EXERCISE MATERIALS:
^^^^^^^^

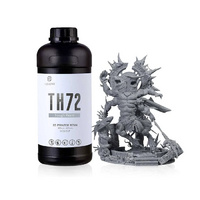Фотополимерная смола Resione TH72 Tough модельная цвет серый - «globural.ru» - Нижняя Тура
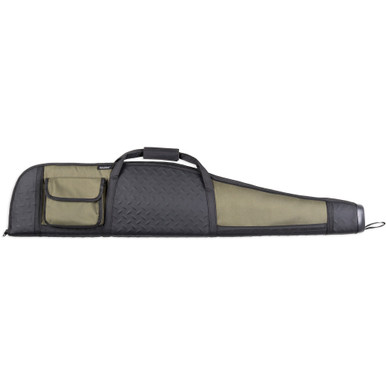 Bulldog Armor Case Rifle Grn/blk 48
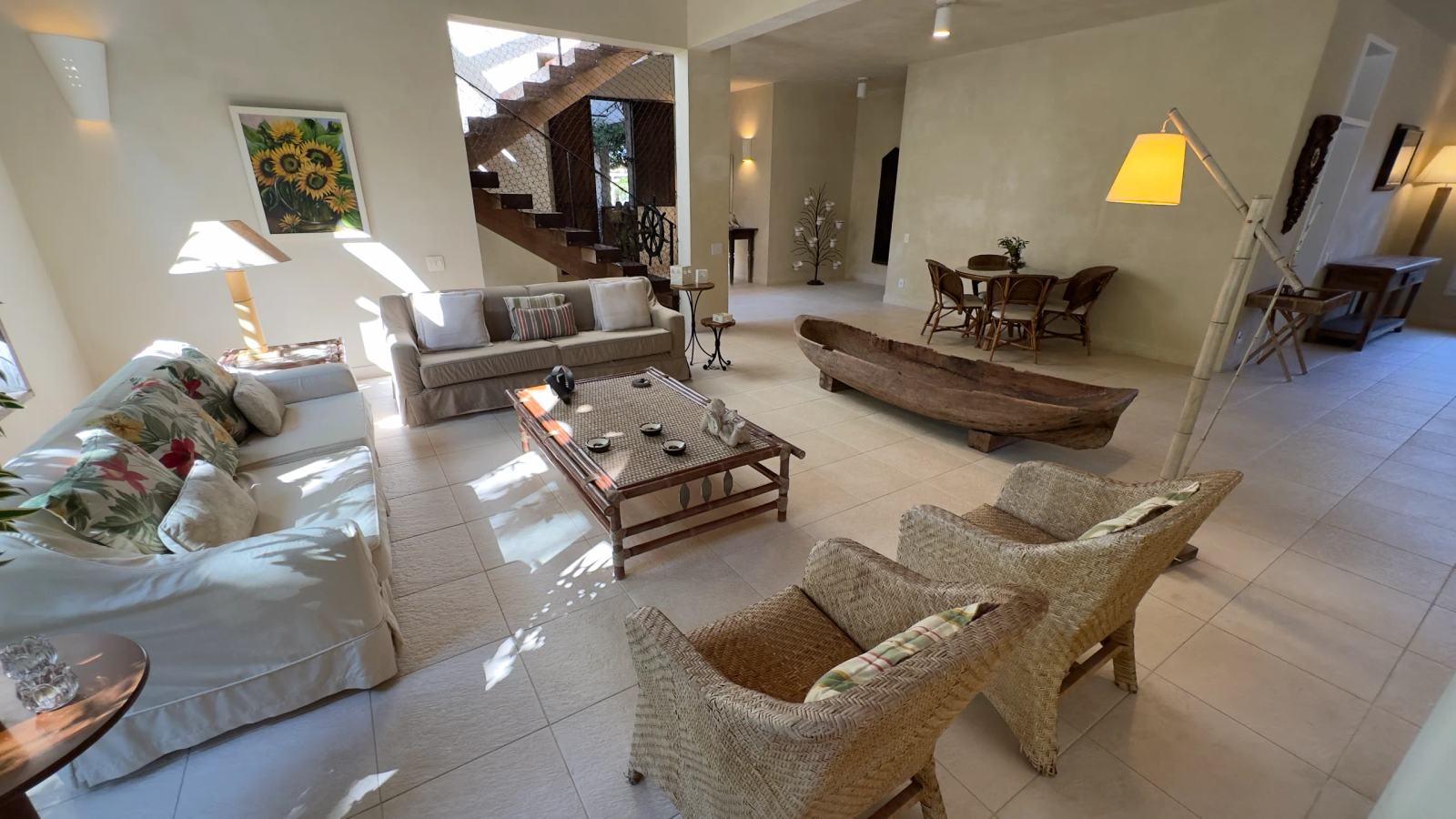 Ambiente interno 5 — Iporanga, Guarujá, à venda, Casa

^^^^^^^^

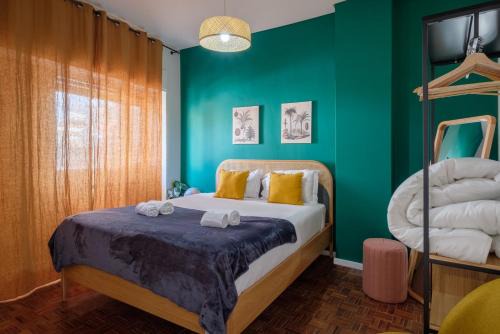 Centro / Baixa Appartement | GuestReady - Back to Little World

^^^^^^^^

PROBLEM:
Word for word, retype the lines in the entries above that run from the one with "Фотополимерная смола Resione" through the one with "Ambiente interno 5". Both ends count; pictures do not.

FINISHED EXERCISE:
Фотополимерная смола Resione TH72 Tough модельная цвет серый - «globural.ru» - Нижняя Тура
 Bulldog Armor Case Rifle Grn/blk 48
 Ambiente interno 5 — Iporanga, Guarujá, à venda, Casa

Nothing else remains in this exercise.